Why JVMs are not being configured given the impact that heap configuration has on latency, isn’t well known. Maybe deployers deploy without any configurations with the (reasonable?) expectation that the JVM will “just work”. That said, even if deployers engage in some experiential process design to discover an optimal configuration, this configuration will be static. Consequently, it’s unlikely that the JVM will be able to adapt to all conditions that are typically found in large homogenous deployments. For example, there are always harmonics at work that often result in individual JVMs requiring different configurations. It is impossible to know, in advance, which JVMs will need which configuration even when they are running the same code on the same hardware. This gets more complicated when a heterogeneous set of applications is deployed on the same server.

Some of the conditions that upset GC performance include:
- Unpredictable or expected bursts in the workload.
- Unpredictable or expected changes in allocation patterns due to modal shifts or one-off events.
- Unpredictable or expected change in data life-cycles due to modal shifts or one-off events.
- Unpredictable application profiles after upgrading software (application, libraries, JVM, OS, etc.).
- Unpredictable memory usage due to direct mapped byte buffers.
- Unpredictable memory usage due to JVM implementation details (GC metadata, metaspace, code cache, thread stacks).
- Unpredictable memory usage due to other processes.
- Unpredictable proactive OS memory compression policies compressing garbage instead of collecting it.
- Unpredictable memory usage due to fragmentation of JVM internal memory slowly increasing over a long period of time.
- Unpredictable memory layouts at startup.

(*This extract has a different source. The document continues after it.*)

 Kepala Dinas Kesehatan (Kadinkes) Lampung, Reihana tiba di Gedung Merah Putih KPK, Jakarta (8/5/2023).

Finding a static heap size for all possible dynamic circumstances is not possible. To manage these situations requires that one takes the costly step of having extra memory resources in reserve. Even then, any statically defined configuration will be sub-optimal for those cases other than the primary modality of the application. As the process to tune the Serial collector is well known and the runtime has the metrics needed to drive the process, the best solution is to enhance the JVMs ability to automatically adjust Java heap to minimize the effects of GC interference on application performance.

## Description

Following in the footsteps of AHS for ZGC, this document proposes an Automatic Heap Sizing policy for the Serial collector. This policy will automatically find a heap size that minimizes GC interference by dynamically adapting to changing circumstances on the server. It selects heap sizes within the minimum and maximum size boundaries, which users can still set as usual with the `-Xms` and `-Xmx` command-line options. However, the default maximum and minimum heap sizes will be changed when using Serial GC to give the automatic heap sizing as much flexibility as possible by default. The changes will be as follows:
- Default static minimum and initial heap sizes (`-Xms`) are changed to 16MB.
- Default static maximum heap size (`-Xmx`) is changed to 100% of the available RAM of the computer or CGroup limit.
- A new dynamic maximum heap size dynamically adapts to changes in memory availability of the computer.
- The default aggressiveness of the GC, which will affect the heap size, can be controlled by the JVM flag, `-XX: GCTImeRatio`. It is expected that lower values will require a larger heap whereas higher values will allow for a smaller heap. The default value tries to strike a reasonable balance between MMU and memory footprint. The flag is manageable, meaning that it may be updated at runtime, if desired.

### Automated Sizing

Java heap for the serial collector is generational in that it is subdivided into a Young and an Old generational space. Young is further subdivided into Eden and two Survivor spaces. Each of these spaces serves a different role. These roles are:
- **Eden**: Used for the initial allocation of data into Java heap.
- **Survivor**: The active survivor space retains data that isn’t old enough to promote to tenured.
- **Tenured**: Retains long-lived objects (data).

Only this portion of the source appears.